Mosix3 rules.d # cat /etc/udev/rules.d/60-persistent-storage-tape.rules

# do not edit this file, it will be overwritten on update

# persistent storage links: /dev/tape/{by-id,by-path}

ACTION!="add|change", GOTO="persistent_storage_tape_end"

# type 8 devices are "Medium Changers"

KERNEL=="sg[0-9]*", SUBSYSTEMS=="scsi", ATTRS{type}=="8", IMPORT{program}="scsi_id --export --whitelisted -d $tempnode", SYMLINK+="tape/by-id/scsi-$env{ID_SERIAL}"

SUBSYSTEM!="scsi_tape", GOTO="persistent_storage_tape_end"

KERNEL=="st*[0-9]", ATTRS{ieee1394_id}=="?*", ENV{ID_SERIAL}="$attr{ieee1394_id}", ENV{ID_BUS}="ieee1394"

KERNEL=="st*[0-9]", ENV{ID_SERIAL}!="?*", SUBSYSTEMS=="usb", IMPORT{program}="usb_id --export %p"

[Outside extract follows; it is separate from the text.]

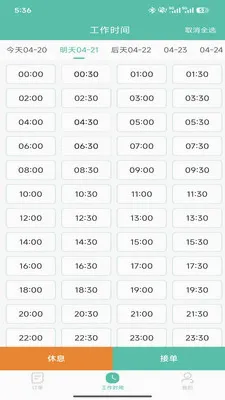 E��С���Ű�׿���ֻ���v1.4.35 ��Ѱ��ͼ1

KERNEL=="st*[0-9]|nst*[0-9]", ENV{ID_SERIAL}!="?*", SUBSYSTEMS=="scsi", KERNELS=="[0-9]*:*[0-9]", ENV{BSG_DEV}="$root/bsg/$id"

KERNEL=="st*[0-9]|nst*[0-9]", ENV{ID_SERIAL}!="?*", WAIT_FOR="$env{BSG_DEV}", IMPORT="scsi_id --whitelisted --export --device=$env{BSG_DEV}", ENV{ID_BUS}="scsi"

KERNEL=="st*[0-9]",  ENV{ID_SERIAL}=="?*", SYMLINK+="tape/by-id/$env{ID_BUS}-$env{ID_SERIAL}"

KERNEL=="nst*[0-9]", ENV{ID_SERIAL}=="?*", SYMLINK+="tape/by-id/$env{ID_BUS}-$env{ID_SERIAL}-nst"

# by-path (shortest physical path)

KERNEL=="st*[0-9]", IMPORT{program}="path_id %p"

KERNEL=="st*[0-9]", ENV{ID_PATH}=="?*", SYMLINK+="tape/by-path/$env{ID_PATH}"

LABEL="persistent_storage_tape_end"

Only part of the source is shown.